From Palmyra to the Pacific: Realigning a Rainforest

Getting rid of the rats on Palmyra was only the beginning.

TNC’s Palmyra Atoll Preserve lies some 1000 miles southeast of Hawaii, six degrees north of the equator in the broad swath of ocean known as the Central Pacific. The history of the island is the story of human intervention and change. From lasting marks left by the U.S. Navy in the early part of the twentieth century to the legacy of copra farming, Palmyra is a place of contrast and opportunity.

Purchased by The Nature Conservancy in 2000, Palmyra with its wrecked lagoon, damaged rainforests and pristine coral reefs is, and has been, a focal point for scientists from the world’s leading research institutions, and the atoll itself played a key role in inspiring the creation of the Pacific Remote Islands Marine National Monument in 2008.

Today, Palmyra is a TNC preserve within a U.S. Fish and Wildlife Service (USFWS) National Wildlife Refuge and further protected—out to 50 nautical miles—by the national monument, the largest collection of ocean and islands protected under a single jurisdiction in the world. All of that makes TNC’s Climate Adaptation + Resilience Lab (CA+RL) at Palmyra Atoll an ideal testing ground for nature-based solutions designed to restore and protect the health of island ecosystems far beyond Palmyra.

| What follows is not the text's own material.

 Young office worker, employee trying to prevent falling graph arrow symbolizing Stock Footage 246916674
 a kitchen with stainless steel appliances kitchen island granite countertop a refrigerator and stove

To that end, TNC is working with partners, including the USFWS, to derive lessons and best practices to maximize Palmyra’s resilience in the face of climate change by eradicating black rats, realigning the native rainforest, and reintroducing endangered bird species.

I recently caught up with Alex Wegmann, Palmyra Science Director, for an update on the status of conservation work at Palmyra, and its focus on enhancing the atoll’s resilience to climate change and demonstrating a climate adaptation management approach that can be replicated on other low-lying atolls and islands throughout Oceania.

Alex Wegmann

Palmyra Science Director

Alex Wegmann, Ph.D is the current Science Director for the Nature Conservancy’s (TNC) Palmyra Program and TNC’s Climate Adaptation + Resilience Laboratory at Palmyra Atoll. As Director of TNC’s Palmyra Program (2016-2019), Alex led the creation of a new vision and strategic direction for the program, including revised staffing, performance management, financial, and operational models. During a decade of conservation program management at Island Conservation, Alex also led 11 multi-year conservation projects in five countries and three U.S territories, many of them public-private partnerships involving local communities, while innovating new solutions to conservation challenges.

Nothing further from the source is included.